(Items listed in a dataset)
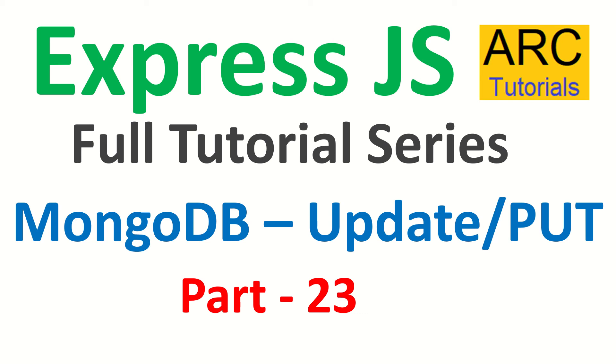Hi friends, welcome back to ARK Tutorials. This is ExpressJS full tutorial series for absolute beginners. In the last episode, we covered about MongoDB get method. We learned how to retrieve data from the collections. We saw different methods like find, find by ID, to explore and get data by passing specific queries or getting all results.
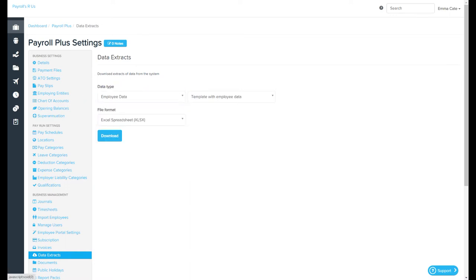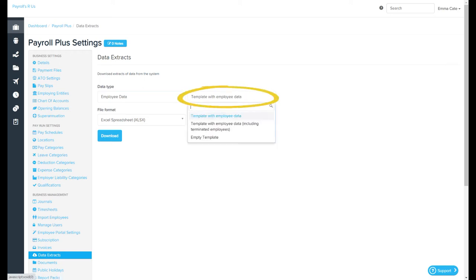There are some data types that will require further specification, such as employee data, which is this one here. In that case, you'll see this drop-down box here.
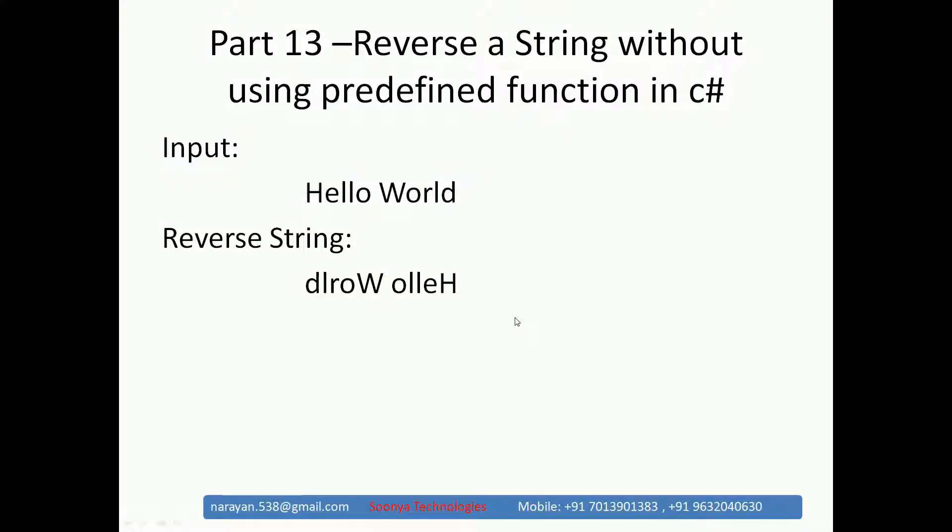Hi, this is Narayan from Sunya Technologies. Today I am going to explain reverse a string without using predefined function in C-Sharp.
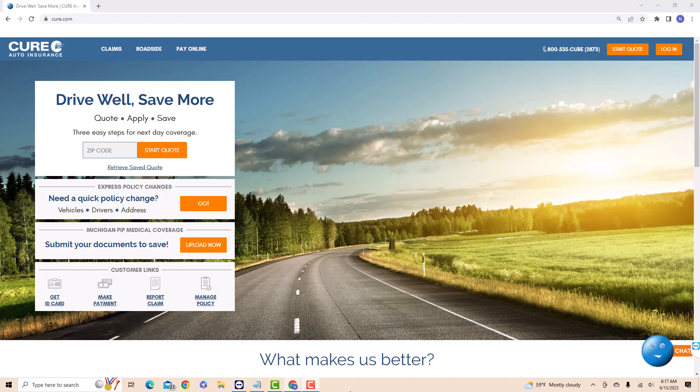We will also put links in the description below for various low-cost auto insurance options. To start, open the website cure.com, then click on login.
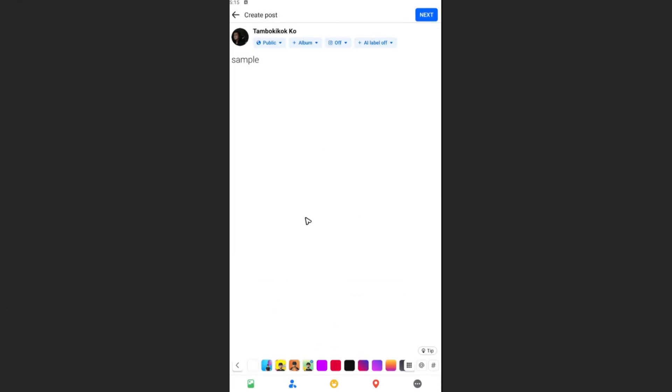Add a photo or whichever you want to add, and just go ahead and hit on next to publish the post. And that's basically it.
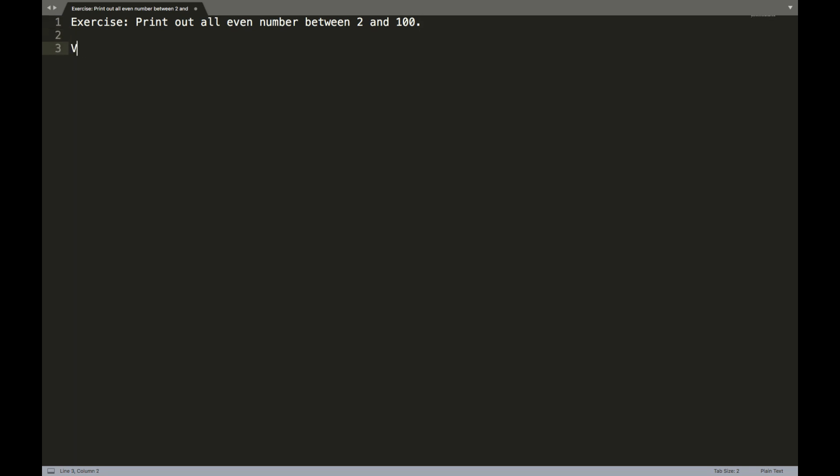So we're going to first do version one. That is, this is the first attempt of writing code that will accomplish this task of printing out all the even numbers. So we're going to first create a variable called number and have it hold the number one. So if you're not familiar with the concept of variables, simply put a variable is like a box. It's a box in which you could put something inside of it.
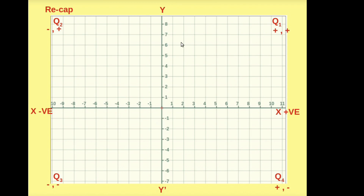This plane is Quadrant 1. All positive and positive points will be plotted on this plane. And here, this plane is Q2, Quadrant 2 — negative, positive. Ordered pairs will be plotted on this quadrant.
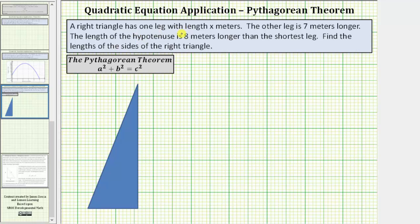A right triangle has one leg with a length of x meters. The other leg is seven meters longer. The length of the hypotenuse is eight meters longer than the shortest leg. We're asked to find the lengths of the sides of the right triangle.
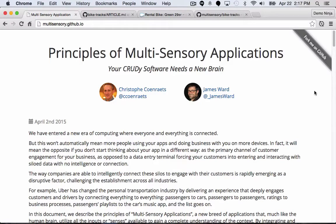Hi, I'm James Ward, a platform evangelist at Salesforce. I want to give you a quick demonstration of a multi-sensory application that I built to show you a little bit about what multi-sensory applications are all about.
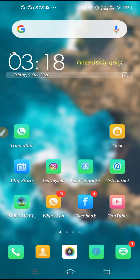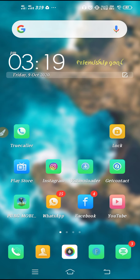How to fix WhatsApp emoji and GIF not working and not showing problem. Hello friends, welcome back to How To Fix It YouTube channel. If you are facing this kind of problem in WhatsApp — if the GIFs and emojis are not working and not showing — then in this video I'm going to tell you the solution. Watch this video till the end and your problem will definitely be solved. Follow all the steps I'm going to show you.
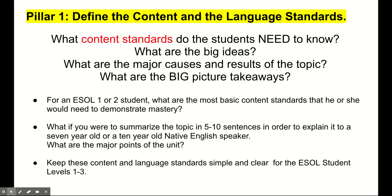What happened? Why did it happen? Who were some of the important players? And what were the consequences of this event? We want to make sure that our content standards are simple — using simple sentences and more universal vocabulary when we're presenting the standards to the student.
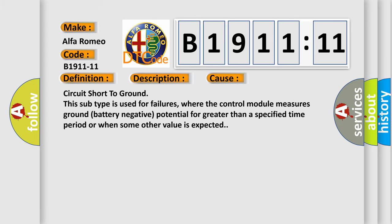Circuit short to ground. This subtype is used for failures where the control module measures ground battery negative potential for greater than a specified time period or when some other value is expected.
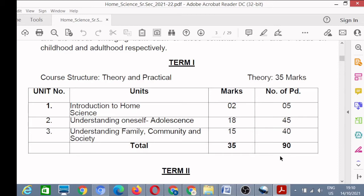Three parts: Understanding Family, Community and Society, for which you have 15 marks. So this was the distribution of 35 marks for your Term 1. Now we move to Term 2 syllabus.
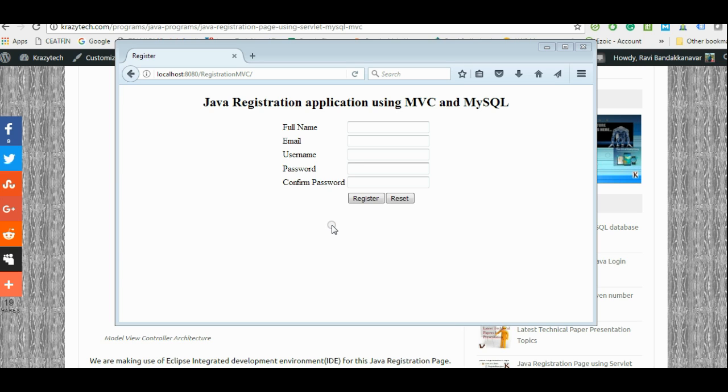Hi everyone. Today we are going to see how registration application works in Java. This application follows MVC architecture and uses servlets and JSPs and MySQL database server. You can also use any other database server.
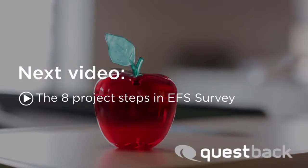Start your survey project now. The next tutorial shows you the steps involved. Good luck with your project!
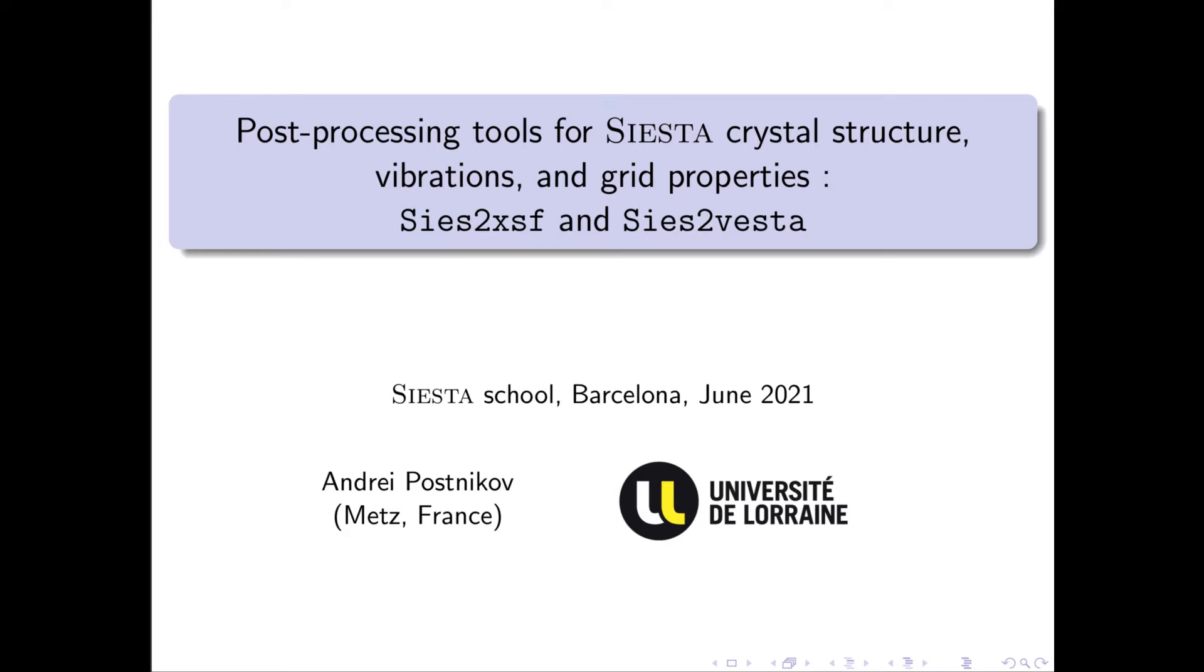Now I intend to present you two sets of post-processing tools designed to extract useful and visual information from SIESTA calculations. This information relates in particular to crystal structures, to lattice vibrations, and to identifying properties calculated on the grid.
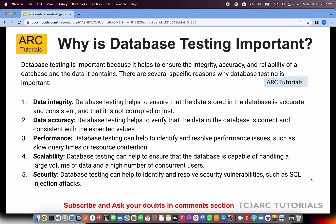Why is database testing important? Some of the key reasons to remember are: data integrity — database testing helps ensure that the data stored is accurate and consistent; data accuracy — that the data stored is correct and consistent; and database performance — if your database query times are too heavy or there is slow resource contention, this will lead to poor performance of your application. Scalability and security are also extremely important — handling large volumes of data as well as preventing SQL injection attacks or data theft. These are the top five common reasons why database testing is important.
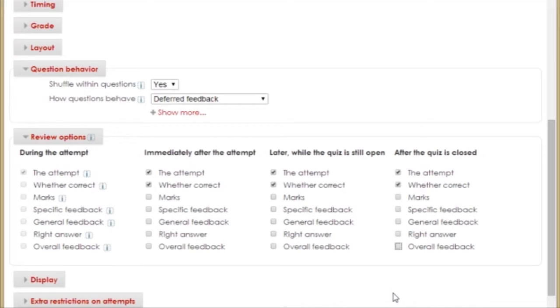If you have any questions regarding the other quiz settings, remember, help is only a phone call or a click away.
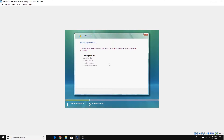Now it's just going to continue the installation. As it says, your computer will restart several times during the installation, so if it restarts you shouldn't bother doing anything because it will enter the setup again and just continue completing the installation.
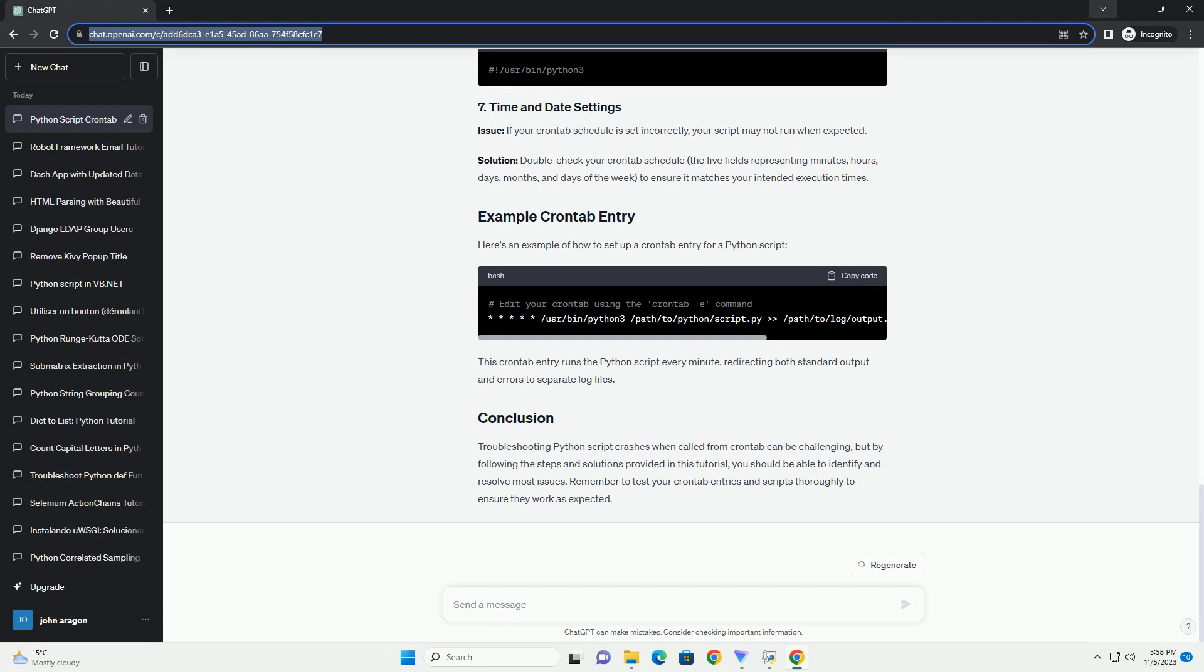Ensure that the user running the crontab has the necessary permissions to access all files and resources used by the Python script.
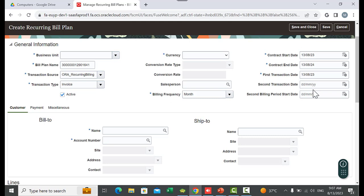You can also use the Second Transaction Date to assign a transaction date for the second transaction and all subsequent transactions after it. The application uses the second transaction date plus the billing frequency to determine the dates of future transactions. Finally, the Second Billing Period Start Date: the first billing period start date is the same as the contract start date by default. Each subsequent billing period begins according to the contract start date increased by the billing frequency. If you enter a date in the Second Billing Period Start Date field, it becomes the start date of the second billing period and all subsequent periods, increased by the billing frequency.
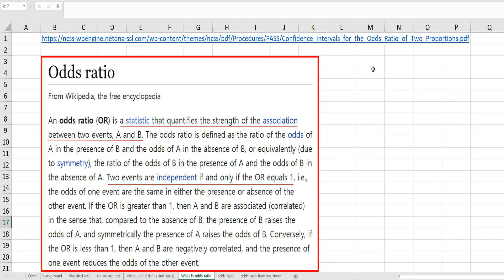There are two reference sites I have used for this video. According to Wikipedia, an odds ratio is a statistic that quantifies the strength of the association between two events — typically meaning row and column. If the odds ratio is equal to 1, it means two events are independent.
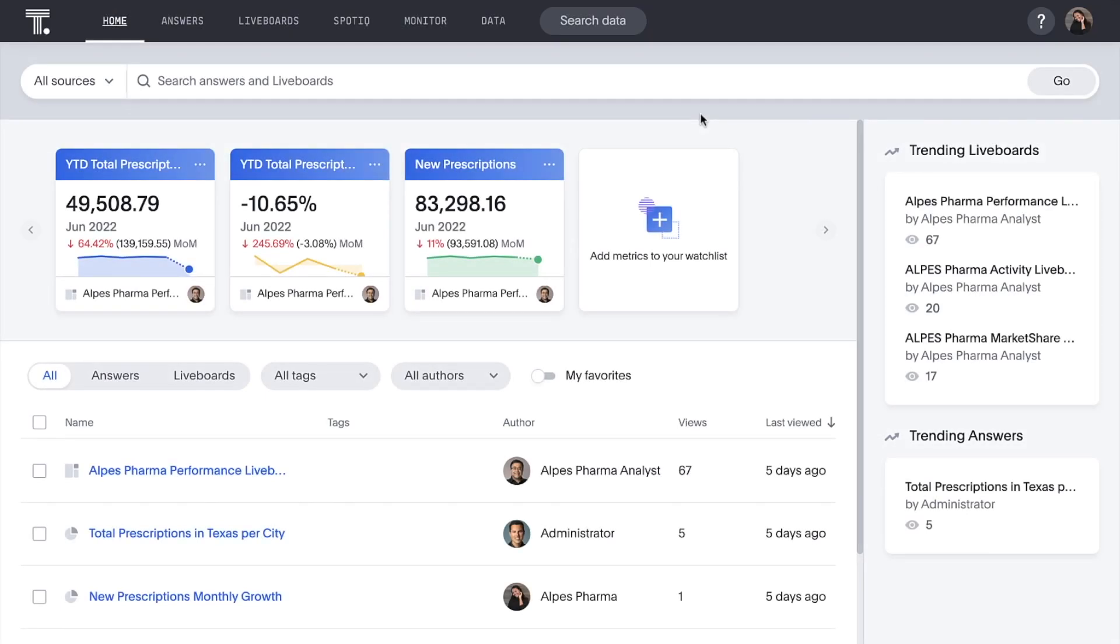With ThoughtSpot on Snowflake's Healthcare and Life Sciences Data Cloud, sales and marketing teams can ask questions about market performance and sales activity in a self-service manner to drive better business decisions.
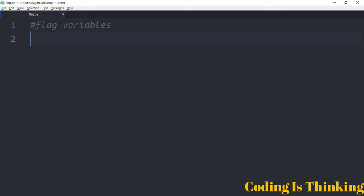A flag variable can be used to let one part of a program know when something happens in another part of the program. Related to this, I want to have an example, and then I will clarify this.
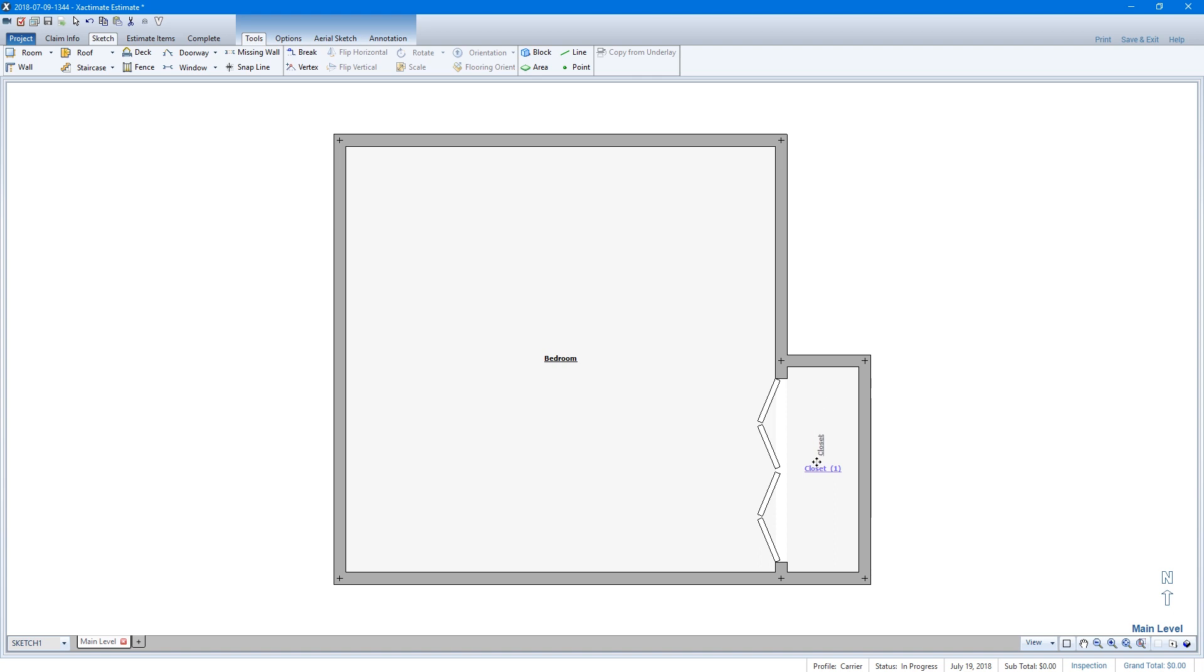When you get the label in the right spot, release the left mouse button. The function of the red diamond now returns to moving the entire room when clicked.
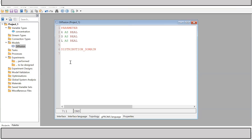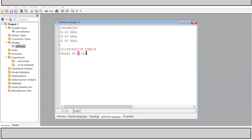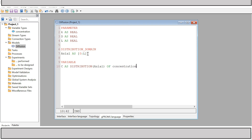I need to declare the axial domain. I declare it specifying the range: it starts from zero up to the full length of the tube L. The numerical solver will discretize the domain - slice the tube into smaller bits and solve the differential equation within each slice. The full domain runs from zero up to the reactor length. Then the variable C (which is A in the equation) can be declared as a distribution depending on the axial domain, with variable type concentration.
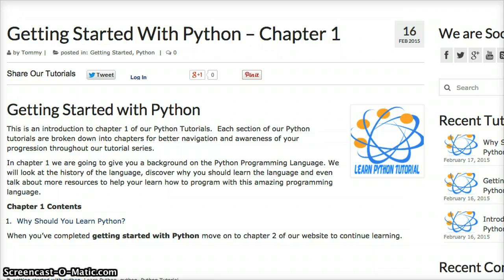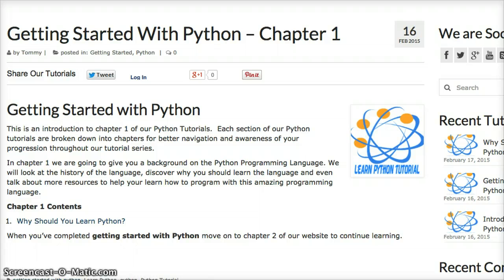And that's basically what we're covering in getting started with Python. After that we're going to jump over to chapter 2, which I haven't really decided yet what we're going to do, but we will start coding in chapter 2.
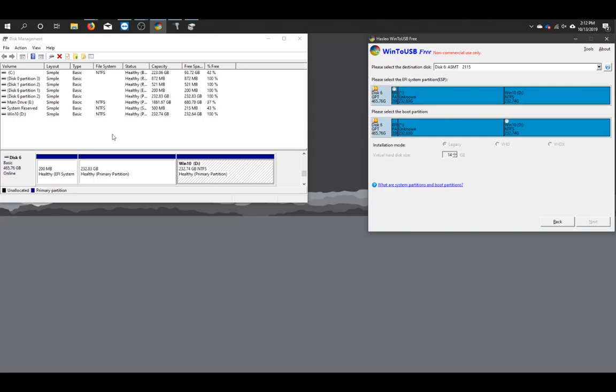And it's very self-explanatory from here. As you can see, we have the EFI system partition already on here. And that's made when you format the hard drive with Mac OS. So we're going to select that as the EFI system partition.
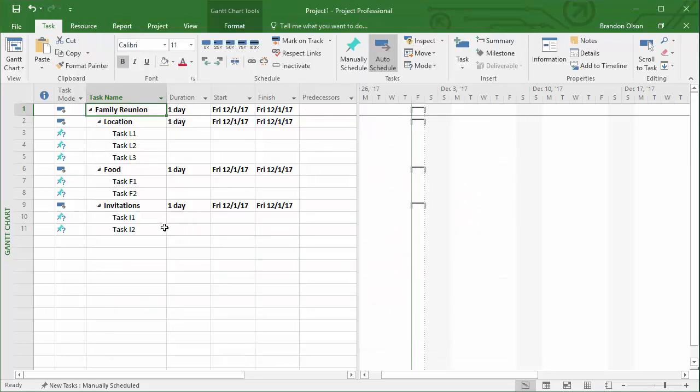This project format allows us to focus in on one area or another. So this is the quick way to create a work breakdown structure in Microsoft Project.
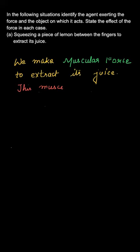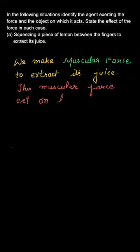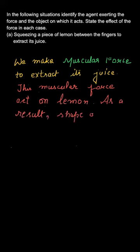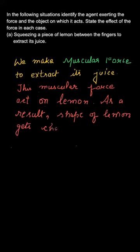We can further write that the muscular force is acting on the lemon, and as a result, the shape of the lemon gets changed. We are applying muscular force which is leading to the change of shape of the lemon.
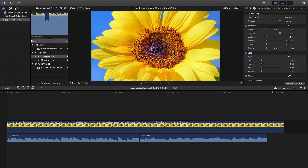This is what we have without fading or crossfading. You can hear that there's an abrupt start, an abrupt end, and an abrupt edit in the middle. Clearly, all of this needs to be fixed.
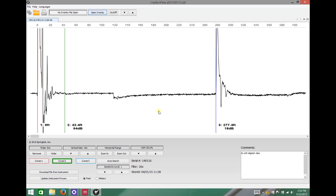Here we can see right at the beginning the initial pulse is quite a bit rattier than when you're shooting directly onto the cable or with a probe. We can easily see the end of cable at 277 feet and there's something going on at about 120 feet.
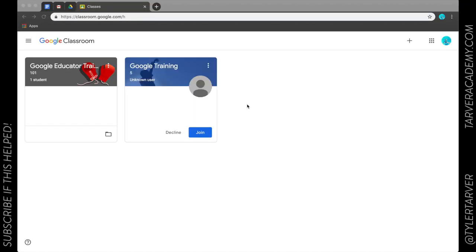What is up ladies and gentlemen, it is Tyler with Tarver Academy and I am going to teach you today about how to view assignments in Google Classroom. I'm in my classroom from the teacher side of it.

*Task item*
The answer must be an exact copy of the lines above, from the start of the records through the line with "Hi, this is", and of nothing else; no pictures belong in it.

*Task solution*
Hi friends, welcome back to ARK Tutorials. This is ExpressJS full tutorial series for absolute beginners. In the last episode, we covered about MongoDB get method. We learned how to retrieve data from the collections. We saw different methods like find, find by ID, to explore and get data by passing specific queries or getting all results.
There are some data types that will require further specification, such as employee data, which is this one here. In that case, you'll see this drop-down box here.
Hi, this is Narayan from Sunya Technologies. Today I am going to explain reverse a string without using predefined function in C-Sharp.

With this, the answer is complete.